A prayer for Diarmait, King of Leinster
The doorway
Built around 1150-60, the western doorway of Killeshin Church is one of the finest surviving examples of Hiberno-Romanesque carving in Ireland. Four receding arches step inward; the inner orders carry chevrons and foliage, the second arch carries animals and birds, and the keystone of the outer arch is a bearded human head with curled locks. Eight pillars flank the opening, each capped with a distinct carved head - some clean-shaven, some with twisted moustaches and curled beards intertwined with serpents. Two inscriptions are cut into the stone: one on the north side asks a prayer for Diarmait, King of Leinster, and another commemorates Cellachan, thought to be the master stonemason. It looks like one man's life's work, and it has stood on this hillside for the better part of nine centuries.
A scriptorium in the glen
Gleann Uisean
Long before the carved doorway, this was a place of learning. A monastery called Gleann Uisean was founded here in the 6th or 7th century, traditionally by St Comgan or St Diarmait, and it ran a scriptorium of real importance - the Leinster material in the Annals of the Four Masters may have originated in this glen. It was a wealthy, vulnerable place: plundered in 1041 when the oak prayer-house was pulled down and a hundred people carried off, and burned again in 1077. The 12th-century church and its doorway were built on the bones of that older settlement.

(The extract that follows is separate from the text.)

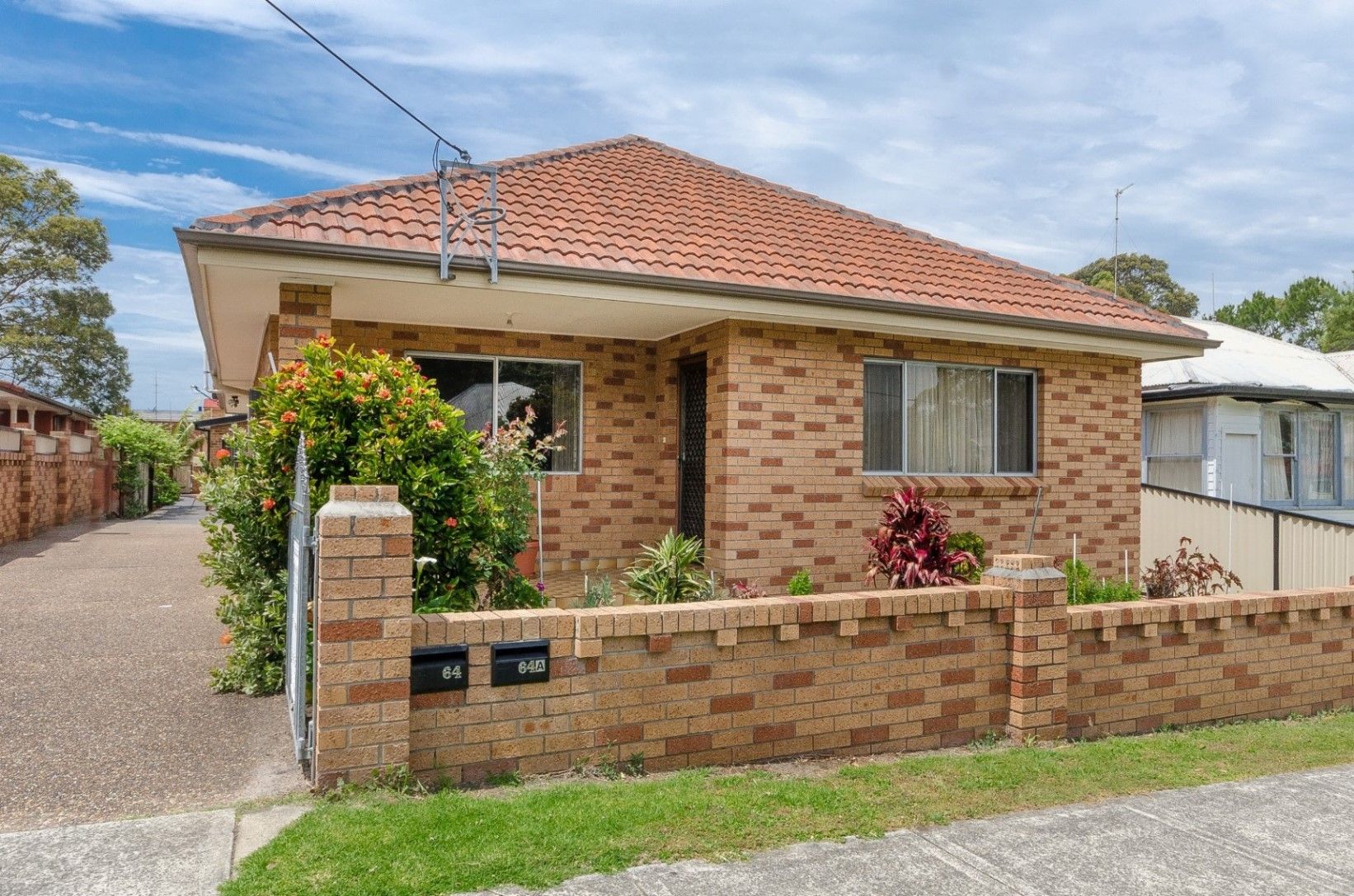 64 Underwood Street, CORRIMAL NSW 2518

105 feet, gone for nothing
The tower that frightened the cattle
A round tower stood beside the monastery and was said to have been among the tallest in Ireland, perhaps 105 feet. It did not fall to Viking or Norman or weather. An 18th-century landowner had it demolished because he feared it might one day collapse and injure his cattle. Nothing of it remains. It is the sort of small, stupid loss that Irish heritage is full of, and standing in the empty field beside the doorway you can feel exactly where it should be.